*** Records for the task Section Begins ***

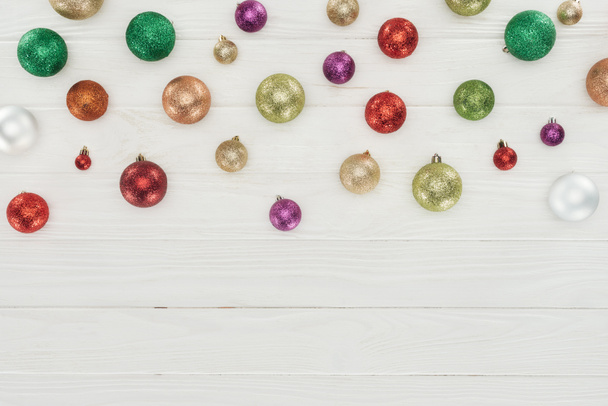 Blick von oben auf schöne glänzende bunte Weihnachtskugeln auf weißem Holzhintergrund  - Foto, Bild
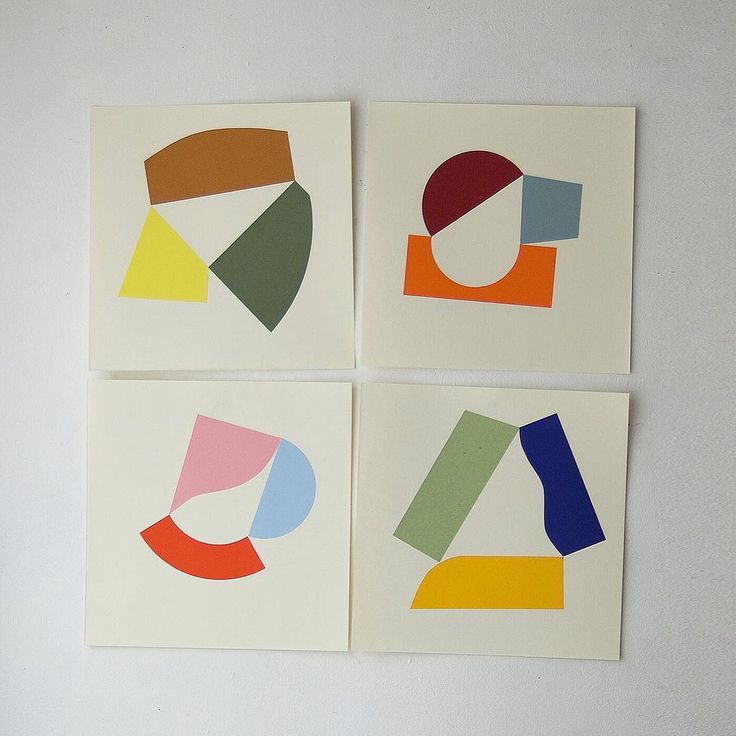 four pieces of paper with different shapes on them, one is white and the other is multicolored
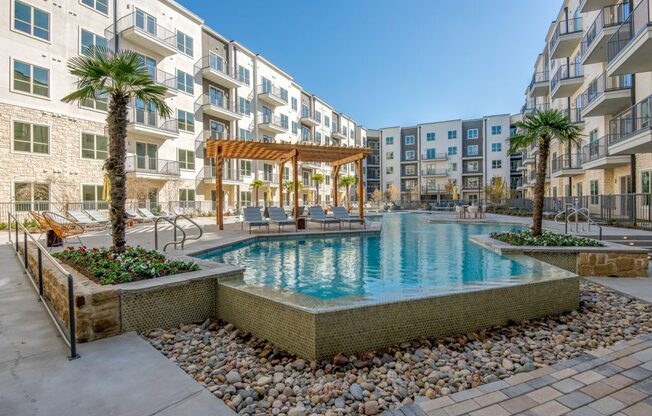A swimming pool surrounded by a stone wall and a wooden pergola.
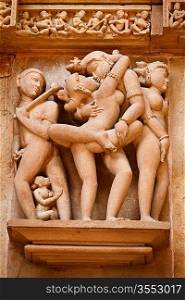 Famous erotic stone carving sculptures decorating Devi Jagadamba Temple, Khajuraho, India. Unesco World Heritage Site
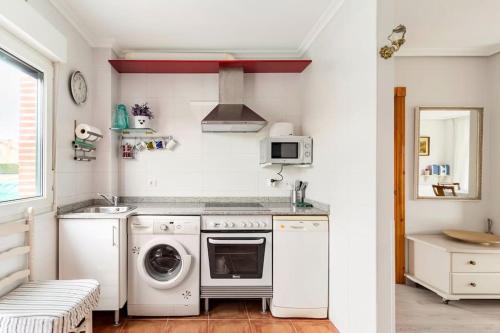 uma cozinha com uma máquina de lavar roupa e um lavatório em La Solana de Boo em Boo de Piélagos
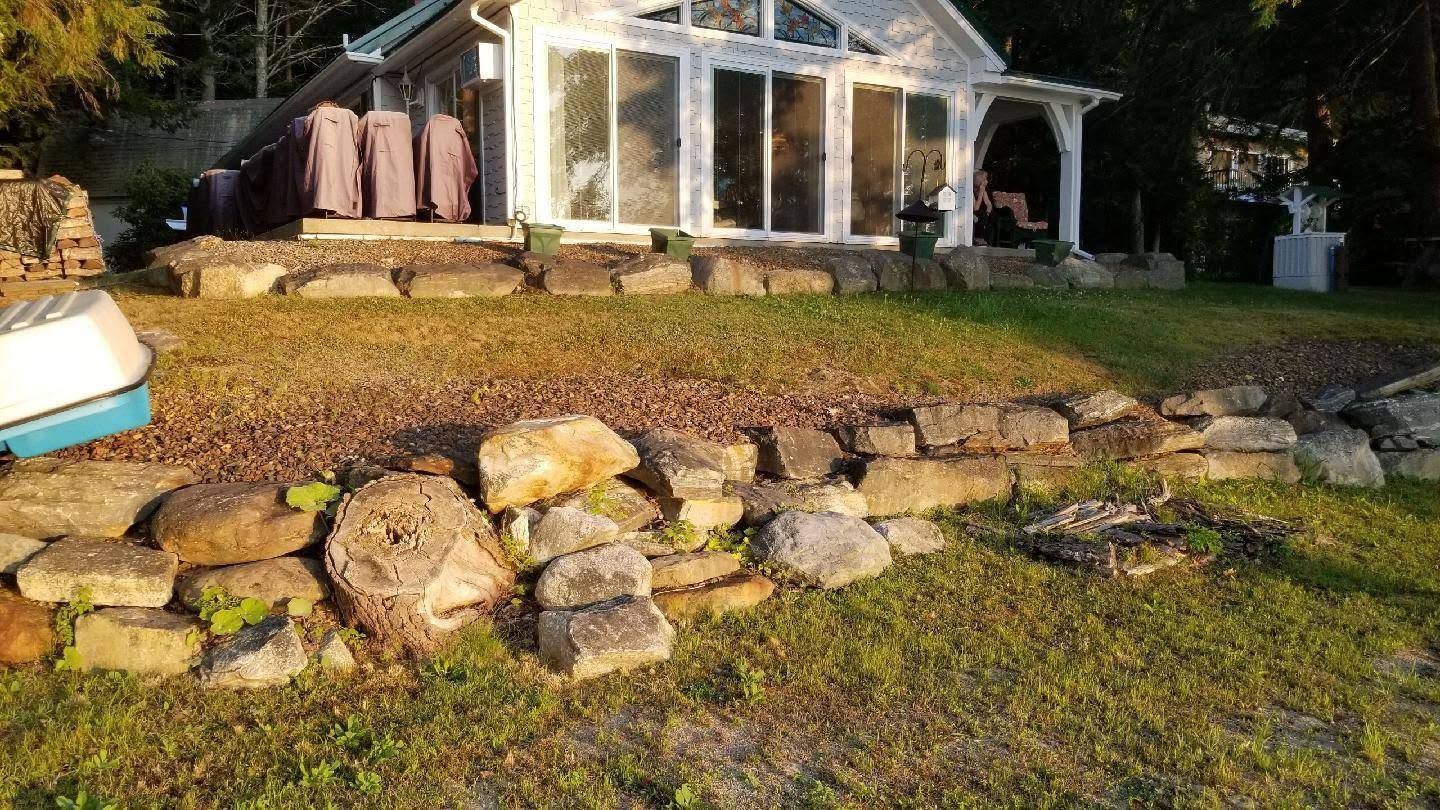 Rock garden in front of a small greenhouse with stacked stones and a grassy yard at sunset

*** Records for the task Section Ends ***

### Assigned task
Without the pictures, retype each line of the records above exactly.

### Solution
 Blick von oben auf schöne glänzende bunte Weihnachtskugeln auf weißem Holzhintergrund  - Foto, Bild
 four pieces of paper with different shapes on them, one is white and the other is multicolored
A swimming pool surrounded by a stone wall and a wooden pergola.
 Famous erotic stone carving sculptures decorating Devi Jagadamba Temple, Khajuraho, India. Unesco World Heritage Site
 uma cozinha com uma máquina de lavar roupa e um lavatório em La Solana de Boo em Boo de Piélagos
 Rock garden in front of a small greenhouse with stacked stones and a grassy yard at sunset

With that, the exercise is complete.